Il saggio Gandhi:Naked Ambition (Quercus Publishing Plc, 288 pagine), dello storico britannico Jad Adams, getta una luce inedita sul lato più umano di Mohandas Karamchand Gandhi, ispiratore del movimento non-violento che portò, nel 1945, all’indipendenza dell’India dal Regno Britannico. Adams, che già in precedenza aveva approfondito la vita sessuale di Rudyard Kipling, ripercorre l’intera biografia del politico indiano, a partire dai suoi 12 anni, quando si ritrovò obbligato a sposare la coetanea Katsurba, come esigeva la tradizione dei matrimoni combinati.
L’evento che portò Gandhi a misurarsi per la prima volta con la sua libido fu quando, all’età di 16 anni, abbandonò il capezzale del padre malato per appartarsi con la moglie e spegnere un “urgente bisogno sessuale”. Quando il giovane tornò dal padre lo trovò morto, il senso di colpa per questa “mancanza” lo avrebbe tormentato per tutta la vita. Partono da qui, stando a Adams, i continui esperimenti di auto-educazione che il Mahatma mise in pratica per imparare a domare il desiderio (dormire accanto a ragazzine nude, entrare nella stanza in cui una ragazza stava facendo la doccia e riuscire a tenere gli occhi chiusi, etc). Esperimenti che culminarono all’età di 36 anni nella scelta della castità assoluta.
Storico e giornalista, Jad Adams ottenne visibilità già nel 1989, grazie a un saggio (The HIV Myth) che metteva in discussione la teoria, dalla maggior parte degli scienzati accettata come inconfutabile, che l’AIDS sia scatenato da un retrovirus di nome HIV. Ora torna a far parlare di sè con un saggio che mostra un lato del Mahatma che, pur trovandone diverse conferme nei suoi scritti autobiografici, non era mai stato posto all’attenzione del grande pubblico.

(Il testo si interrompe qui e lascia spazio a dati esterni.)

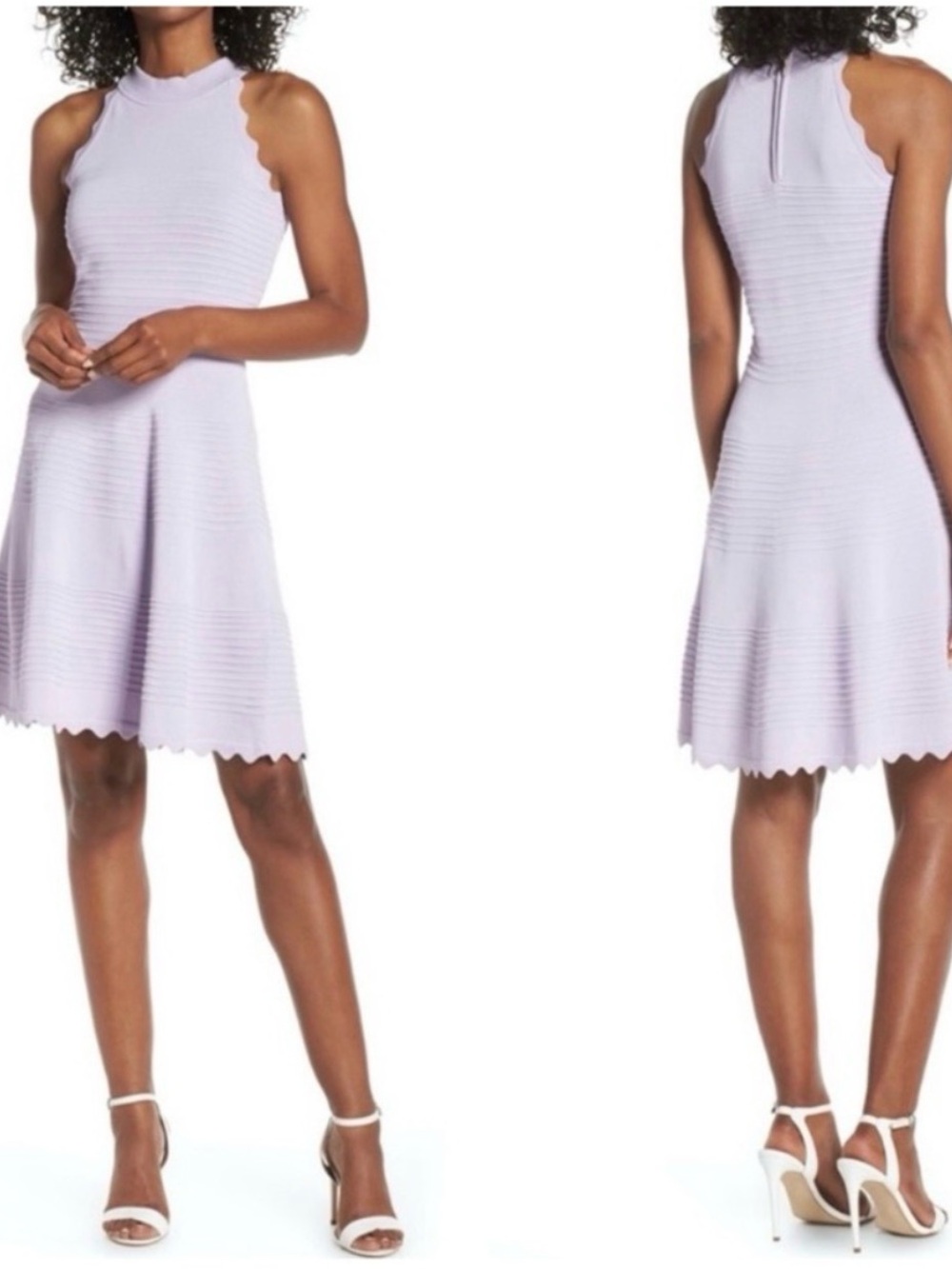 NWT-Eliza J Lilac Scallop-Edge Knit Halter Mini Dress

Quello che nell’iconografia più diffusa viene rappresentato come una persona serena, quasi ascetica, un individuo pelle e ossa che sembra fatto di solo spirito, era insomma un essere umano, e come tutti gli esseri umani viveva le proprie contraddizioni in modo tormentato e, spesso, doloroso. Lungi dallo sminuire la portata delle battaglie di Gandhi, questo saggio dimostra piuttosto che dietro ogni grande personalità esiste sempre un individuo intriso di difetti e lati oscuri. Per questo le grandi idee sopravvivono sempre ai loro artefici: le idee hanno un che di sacro, gli uomini invece sono naturalmente, inevitabilmente, imperfetti.